The United States and 10 of its closest allies are drafting a document of principles to guide their efforts to interdict shipments of weapons of mass destruction, ballistic missiles, and related technologies to terrorists and states of concern. This “rules of the road” document, which would not be legally binding, could be approved at a September 2003 meeting of the 11 countries in Paris.
Washington is leading the effort to draft the new document as part of its evolving Proliferation Security Initiative, which President George W. Bush first announced May 31. (See ACT, July/August 2003.) The initiative is intended to enhance participating countries’ capabilities individually and collectively to halt proliferation around the globe.
Australia, France, Germany, Italy, Japan, the Netherlands, Poland, Portugal, Spain, and the United Kingdom have joined the U.S. initiative.

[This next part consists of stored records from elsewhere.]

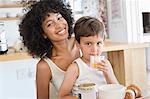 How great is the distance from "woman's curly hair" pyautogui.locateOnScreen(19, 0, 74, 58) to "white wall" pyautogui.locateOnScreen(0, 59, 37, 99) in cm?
98

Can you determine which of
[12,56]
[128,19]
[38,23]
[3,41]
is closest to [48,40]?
[38,23]

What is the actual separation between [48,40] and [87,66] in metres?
0.31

Other countries might also be asked to participate or aid interdictions in the future.
Although the participating countries have identified North Korea and Iran as top proliferation threats, the initiative is ostensibly not directed at any particular country or countries. Government officials from the United States and other countries have refuted descriptions of the initiative as a blockade of North Korea.
In addition to working on the initiative’s guiding principles, the 11 countries agreed at a July 9-10 meeting in Brisbane, Australia, to begin conducting joint exercises to learn how better to coordinate and perform interdictions at sea, on land, and in the air. For the near term, these joint exercises will largely piggyback on or be conducted in conjunction with previously planned training missions and operations. The first exercise, which Australia will host, is scheduled for early September and will take place in the Coral Sea.

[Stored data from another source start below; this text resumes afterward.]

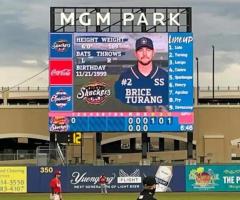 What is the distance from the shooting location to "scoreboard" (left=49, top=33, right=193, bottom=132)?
44156 mm

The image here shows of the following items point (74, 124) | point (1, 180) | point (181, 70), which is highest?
point (181, 70)

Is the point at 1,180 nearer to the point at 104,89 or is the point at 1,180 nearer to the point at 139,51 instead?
the point at 104,89

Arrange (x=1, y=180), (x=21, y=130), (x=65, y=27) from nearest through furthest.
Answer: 1. (x=1, y=180)
2. (x=65, y=27)
3. (x=21, y=130)

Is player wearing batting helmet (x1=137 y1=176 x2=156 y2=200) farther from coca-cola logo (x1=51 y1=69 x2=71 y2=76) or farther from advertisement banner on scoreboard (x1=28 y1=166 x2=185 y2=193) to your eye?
coca-cola logo (x1=51 y1=69 x2=71 y2=76)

The 11 countries are confident they can carry out interdictions successfully, but there is uncertainty about whether they can gather sufficient intelligence to act. Speaking to reporters July 10, Paul O’Sullivan, deputy secretary of the Australian Department of Foreign Affairs and Trade, said that perhaps the biggest challenge would be obtaining “enough information about the proliferation activities that are going on in a timely way.”

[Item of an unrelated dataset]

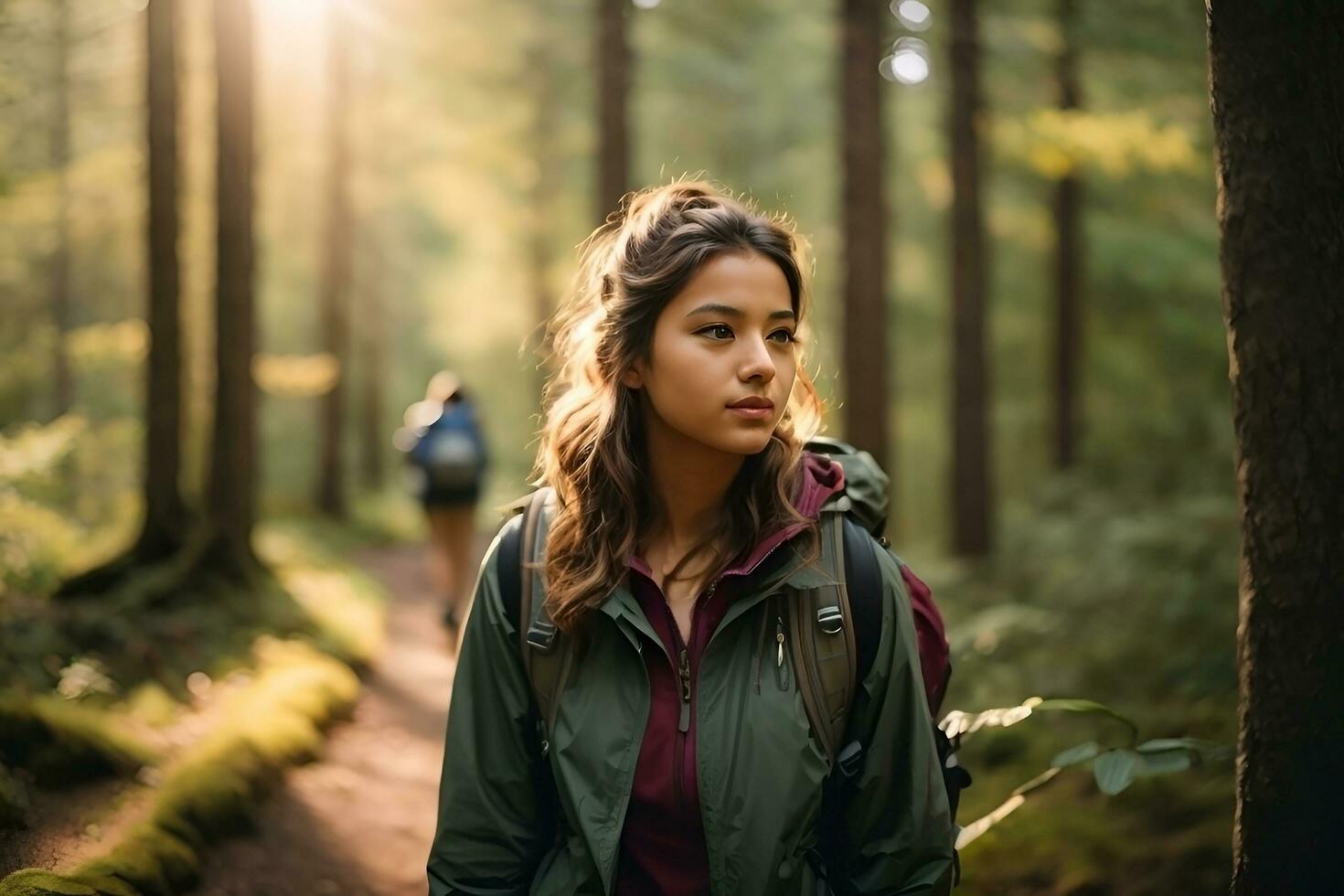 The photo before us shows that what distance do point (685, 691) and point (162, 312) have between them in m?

Crafting new international laws to facilitate interdictions is not a goal of the initiative. Although the chairman’s statement urged participating countries to “take robust and creative steps now,” it also underscored that any actions taken should “be consistent with existing domestic and international legal frameworks.”
Participating countries are still trying to figure out what types of actions are legally permissible. Speaking for the U.S. government, Deputy Secretary of State Richard Armitage said August 13, “We ourselves
haven’t hit on the total complete answer to our questions about liability and about international legality.”
One diplomat familiar with the initiative said in a July 30 interview, “Each country needs to do their own homework to find out what they can do.” The official added that the primary objective is to pinpoint “what we are able to do rather than pontificate over what we can’t do.”
Although Taiwan is not part of the initiative, a U.S. State Department official said Taiwan’s early August detainment of a ship bound for North Korea until it offloaded dual-use chemicals was “conceptually” in line with the possible types of action foreseen under the initiative.